**What you are asked to do**
Search the data below for the line containing "Robe courte noire plissée col rond", then please set down that line and all remaining ones exactly as written.

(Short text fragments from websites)
:::::









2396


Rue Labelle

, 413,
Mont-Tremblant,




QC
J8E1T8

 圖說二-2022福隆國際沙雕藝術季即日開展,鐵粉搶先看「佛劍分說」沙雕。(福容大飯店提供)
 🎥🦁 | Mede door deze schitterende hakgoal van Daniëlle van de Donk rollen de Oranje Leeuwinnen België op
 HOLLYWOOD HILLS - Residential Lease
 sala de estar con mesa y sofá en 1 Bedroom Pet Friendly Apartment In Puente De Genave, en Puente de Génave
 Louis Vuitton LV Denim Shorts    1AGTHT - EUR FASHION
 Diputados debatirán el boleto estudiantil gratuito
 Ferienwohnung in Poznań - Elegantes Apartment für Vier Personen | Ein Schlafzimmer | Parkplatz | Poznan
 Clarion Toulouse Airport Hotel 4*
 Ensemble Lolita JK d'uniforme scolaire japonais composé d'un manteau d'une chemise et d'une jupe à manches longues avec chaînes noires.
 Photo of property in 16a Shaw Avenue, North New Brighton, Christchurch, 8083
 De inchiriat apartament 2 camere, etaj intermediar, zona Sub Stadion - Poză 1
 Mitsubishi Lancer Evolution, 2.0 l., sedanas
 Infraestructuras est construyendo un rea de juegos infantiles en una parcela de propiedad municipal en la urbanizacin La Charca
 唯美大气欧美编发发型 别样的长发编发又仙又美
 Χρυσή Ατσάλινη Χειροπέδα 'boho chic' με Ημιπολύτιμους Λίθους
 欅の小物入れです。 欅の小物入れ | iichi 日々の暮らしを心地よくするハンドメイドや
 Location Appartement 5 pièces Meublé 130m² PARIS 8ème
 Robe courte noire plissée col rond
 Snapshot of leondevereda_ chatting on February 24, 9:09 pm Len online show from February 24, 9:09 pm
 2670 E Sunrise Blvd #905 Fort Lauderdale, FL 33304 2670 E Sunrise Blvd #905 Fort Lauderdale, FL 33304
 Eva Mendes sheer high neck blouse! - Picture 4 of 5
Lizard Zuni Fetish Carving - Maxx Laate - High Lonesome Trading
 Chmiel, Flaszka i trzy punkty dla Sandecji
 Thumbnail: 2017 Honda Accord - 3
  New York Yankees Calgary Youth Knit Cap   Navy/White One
:::::
**Exercise answer**
 Robe courte noire plissée col rond
 Snapshot of leondevereda_ chatting on February 24, 9:09 pm Len online show from February 24, 9:09 pm
 2670 E Sunrise Blvd #905 Fort Lauderdale, FL 33304 2670 E Sunrise Blvd #905 Fort Lauderdale, FL 33304
 Eva Mendes sheer high neck blouse! - Picture 4 of 5
Lizard Zuni Fetish Carving - Maxx Laate - High Lonesome Trading
 Chmiel, Flaszka i trzy punkty dla Sandecji
 Thumbnail: 2017 Honda Accord - 3
  New York Yankees Calgary Youth Knit Cap   Navy/White One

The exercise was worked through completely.